L’affaire ‘Tintin au Congo’ a connu dernièrement un nouvel épisode. La Cour d’appel de Bruxelles s’est en effet prononcée le 28 novembre 2012 sur appel de l’ordonnance rendue le 10 février 2012 par le président du tribunal de première instance de Bruxelles. La Cour confirme la position défendue huit mois auparavant. L’album ‘Tintin au Congo’ ne présente aucun caractère raciste ou xénophobe.

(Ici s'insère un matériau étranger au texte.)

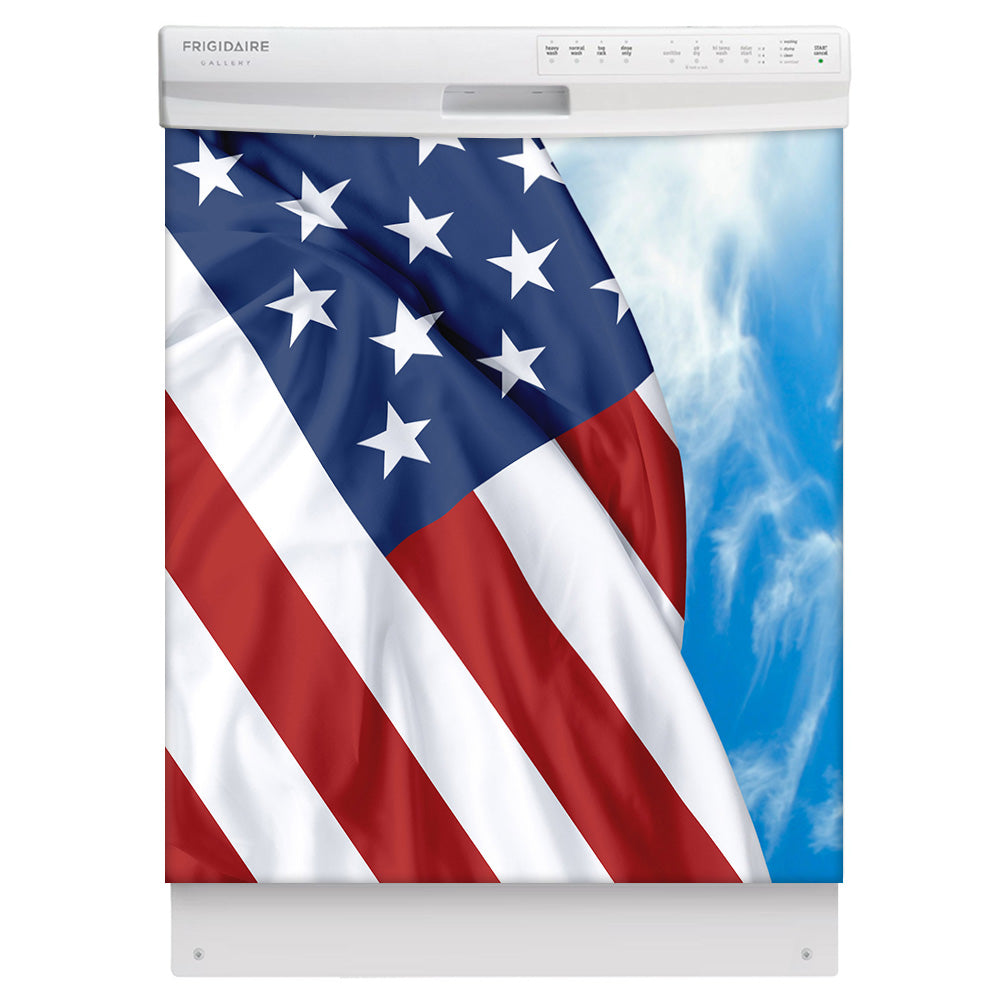 Majestic USA Flag Magnet Skin on White Dishwasher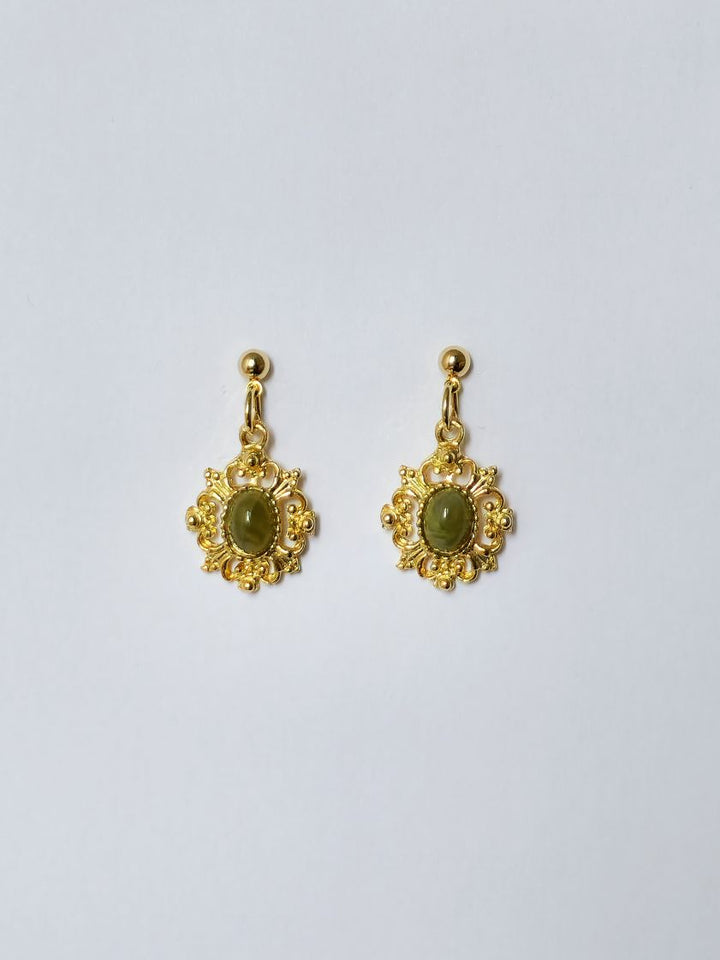 Vintage Gold Plated Victorian Style Ornate Drop Earrings with Faux Jade Stone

Pour rappel, les requérants (devenus dans la présente affaire les appelants) souhaitaient à titre principal que l’album d’Hergé cesse d’être exploité, diffusé, distribué et imprimé, estimant qu’il portait atteinte aux dispositions pénales de la loi du 30 juillet 1981 ‘tendant à réprimer certains actes inspirés par le racisme ou la xénophobie’.

La Cour d’appel rappelle que toute infraction pénale est constituée d’un élément matériel et d’un élément moral, et que ce dernier fait en l’espèce défaut. La preuve de cet élément « doit être recherchée dans le chef du créateur de l’œuvre […] et à l’époque de la première diffusion de la bande dessinée, sous forme de feuilleton, en 1930 ». Il faut donc se placer au moment de la parution de la première édition pour établir l’existence de l’élément moral. La Cour souligne qu’« Hergé ne pouvait avoir en 1930 le même état d’esprit que celui qui allait inspirer, un demi-siècle plus tard, la loi de 1981 ». Elle soutient que rien ne permet d’établir qu’Hergé considère les Africains comme une « race » inférieure aux blancs. L’auteur s’est limité à reproduire les stéréotypes véhiculés durant cette époque colonialiste et nous gratifie, selon la Cour, d’un « témoignage de l’histoire commune de la Belgique et du Congo à une époque donnée ». Tout ceci concorde à l’absence d’élément moral, et dès lors à l’absence d’infraction pénale.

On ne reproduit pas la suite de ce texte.